Let's figure this one out. Usually a stream flows along for a while
carrying about the same amount of water. Water doesn't normally keep
piling up at on place, overflowing the banks, and it's also not usually
evaporating very fast. Unless we look somewhere where there's a
tributary joining up or a big rainstorm, new water isn't joining in
either.
That means that if you look at two slices across the stream, the
same amount of water flows past each slice in each second. The volume
of water going through the slice per second is the speed of the flow
times the area of the slice. So in places where the cross-sectional
area is small (that is, the stream is narrow and shallow) the flow must
be fast and where it's large (broad and deep) the flow must be slow.
Of course this whole argument breaks down if water is entering or leaving the stream.
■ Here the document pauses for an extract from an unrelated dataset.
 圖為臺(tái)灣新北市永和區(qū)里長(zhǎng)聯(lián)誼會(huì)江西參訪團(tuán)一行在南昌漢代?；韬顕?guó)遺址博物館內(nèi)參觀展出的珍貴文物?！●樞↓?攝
Another disclaimer: real streams often have more complicated
structures -- they may have a deep channel in the middle with sandy or
rocky shallow flat sections of the bottom near the sides. In this case,
the water will flow more quickly in the deep center section than in the
shallow parts because of friction with the rocky or sandy bottom. If a
stream is making a tight bend, water will tend to flow on the outside
of the bend and leave silt on the inside. But the total amount of water
flowing across one slice of a stream has to be the same as any other
slice unless water is entering or leaving.